● **Exercise**: Repeat every line of the data verbatim.
* * * *
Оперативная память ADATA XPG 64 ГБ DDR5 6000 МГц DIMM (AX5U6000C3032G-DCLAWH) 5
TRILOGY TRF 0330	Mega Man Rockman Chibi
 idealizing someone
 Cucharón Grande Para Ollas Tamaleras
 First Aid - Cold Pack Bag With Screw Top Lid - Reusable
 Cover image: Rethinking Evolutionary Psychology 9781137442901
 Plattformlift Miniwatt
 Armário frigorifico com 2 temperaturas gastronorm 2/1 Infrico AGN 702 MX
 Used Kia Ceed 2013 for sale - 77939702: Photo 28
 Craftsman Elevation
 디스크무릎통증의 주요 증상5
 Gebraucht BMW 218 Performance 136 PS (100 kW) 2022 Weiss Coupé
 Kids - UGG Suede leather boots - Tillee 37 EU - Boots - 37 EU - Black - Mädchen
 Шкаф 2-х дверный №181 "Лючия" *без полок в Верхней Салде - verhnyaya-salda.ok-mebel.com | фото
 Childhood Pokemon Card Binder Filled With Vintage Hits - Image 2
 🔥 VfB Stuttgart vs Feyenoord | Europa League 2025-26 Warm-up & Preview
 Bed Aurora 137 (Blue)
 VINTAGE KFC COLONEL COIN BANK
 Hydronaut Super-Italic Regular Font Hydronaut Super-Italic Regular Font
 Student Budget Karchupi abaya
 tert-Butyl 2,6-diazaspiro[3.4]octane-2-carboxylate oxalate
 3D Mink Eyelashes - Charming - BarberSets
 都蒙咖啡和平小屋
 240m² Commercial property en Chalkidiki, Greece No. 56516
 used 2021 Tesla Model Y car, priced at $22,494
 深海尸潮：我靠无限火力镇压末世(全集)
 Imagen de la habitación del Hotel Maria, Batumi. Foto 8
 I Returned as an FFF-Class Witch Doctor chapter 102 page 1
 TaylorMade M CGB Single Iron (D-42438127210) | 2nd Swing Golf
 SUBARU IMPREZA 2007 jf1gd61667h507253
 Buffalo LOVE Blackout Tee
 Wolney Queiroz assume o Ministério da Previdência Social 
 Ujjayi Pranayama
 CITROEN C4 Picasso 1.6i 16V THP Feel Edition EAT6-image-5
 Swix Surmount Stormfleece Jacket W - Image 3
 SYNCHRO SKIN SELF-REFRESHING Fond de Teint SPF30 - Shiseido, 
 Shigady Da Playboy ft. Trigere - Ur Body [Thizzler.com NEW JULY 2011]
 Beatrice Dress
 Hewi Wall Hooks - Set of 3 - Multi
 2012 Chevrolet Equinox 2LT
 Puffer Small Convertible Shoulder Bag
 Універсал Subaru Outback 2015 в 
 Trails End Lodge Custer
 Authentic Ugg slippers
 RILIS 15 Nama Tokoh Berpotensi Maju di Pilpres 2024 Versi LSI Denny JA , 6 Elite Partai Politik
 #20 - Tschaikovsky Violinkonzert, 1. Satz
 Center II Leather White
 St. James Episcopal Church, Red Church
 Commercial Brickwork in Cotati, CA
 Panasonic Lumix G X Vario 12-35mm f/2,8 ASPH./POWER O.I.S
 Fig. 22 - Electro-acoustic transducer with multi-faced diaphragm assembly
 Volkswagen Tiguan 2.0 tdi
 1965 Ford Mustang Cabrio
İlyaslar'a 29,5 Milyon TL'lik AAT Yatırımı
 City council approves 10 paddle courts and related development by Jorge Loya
* * * *
● **Output for this task**:
Оперативная память ADATA XPG 64 ГБ DDR5 6000 МГц DIMM (AX5U6000C3032G-DCLAWH) 5
TRILOGY TRF 0330	Mega Man Rockman Chibi
 idealizing someone
 Cucharón Grande Para Ollas Tamaleras
 First Aid - Cold Pack Bag With Screw Top Lid - Reusable
 Cover image: Rethinking Evolutionary Psychology 9781137442901
 Plattformlift Miniwatt
 Armário frigorifico com 2 temperaturas gastronorm 2/1 Infrico AGN 702 MX
 Used Kia Ceed 2013 for sale - 77939702: Photo 28
 Craftsman Elevation
 디스크무릎통증의 주요 증상5
 Gebraucht BMW 218 Performance 136 PS (100 kW) 2022 Weiss Coupé
 Kids - UGG Suede leather boots - Tillee 37 EU - Boots - 37 EU - Black - Mädchen
 Шкаф 2-х дверный №181 "Лючия" *без полок в Верхней Салде - verhnyaya-salda.ok-mebel.com | фото
 Childhood Pokemon Card Binder Filled With Vintage Hits - Image 2
 🔥 VfB Stuttgart vs Feyenoord | Europa League 2025-26 Warm-up & Preview
 Bed Aurora 137 (Blue)
 VINTAGE KFC COLONEL COIN BANK
 Hydronaut Super-Italic Regular Font Hydronaut Super-Italic Regular Font
 Student Budget Karchupi abaya
 tert-Butyl 2,6-diazaspiro[3.4]octane-2-carboxylate oxalate
 3D Mink Eyelashes - Charming - BarberSets
 都蒙咖啡和平小屋
 240m² Commercial property en Chalkidiki, Greece No. 56516
 used 2021 Tesla Model Y car, priced at $22,494
 深海尸潮：我靠无限火力镇压末世(全集)
 Imagen de la habitación del Hotel Maria, Batumi. Foto 8
 I Returned as an FFF-Class Witch Doctor chapter 102 page 1
 TaylorMade M CGB Single Iron (D-42438127210) | 2nd Swing Golf
 SUBARU IMPREZA 2007 jf1gd61667h507253
 Buffalo LOVE Blackout Tee
 Wolney Queiroz assume o Ministério da Previdência Social 
 Ujjayi Pranayama
 CITROEN C4 Picasso 1.6i 16V THP Feel Edition EAT6-image-5
 Swix Surmount Stormfleece Jacket W - Image 3
 SYNCHRO SKIN SELF-REFRESHING Fond de Teint SPF30 - Shiseido, 
 Shigady Da Playboy ft. Trigere - Ur Body [Thizzler.com NEW JULY 2011]
 Beatrice Dress
 Hewi Wall Hooks - Set of 3 - Multi
 2012 Chevrolet Equinox 2LT
 Puffer Small Convertible Shoulder Bag
 Універсал Subaru Outback 2015 в 
 Trails End Lodge Custer
 Authentic Ugg slippers
 RILIS 15 Nama Tokoh Berpotensi Maju di Pilpres 2024 Versi LSI Denny JA , 6 Elite Partai Politik
 #20 - Tschaikovsky Violinkonzert, 1. Satz
 Center II Leather White
 St. James Episcopal Church, Red Church
 Commercial Brickwork in Cotati, CA
 Panasonic Lumix G X Vario 12-35mm f/2,8 ASPH./POWER O.I.S
 Fig. 22 - Electro-acoustic transducer with multi-faced diaphragm assembly
 Volkswagen Tiguan 2.0 tdi
 1965 Ford Mustang Cabrio
İlyaslar'a 29,5 Milyon TL'lik AAT Yatırımı
 City council approves 10 paddle courts and related development by Jorge Loya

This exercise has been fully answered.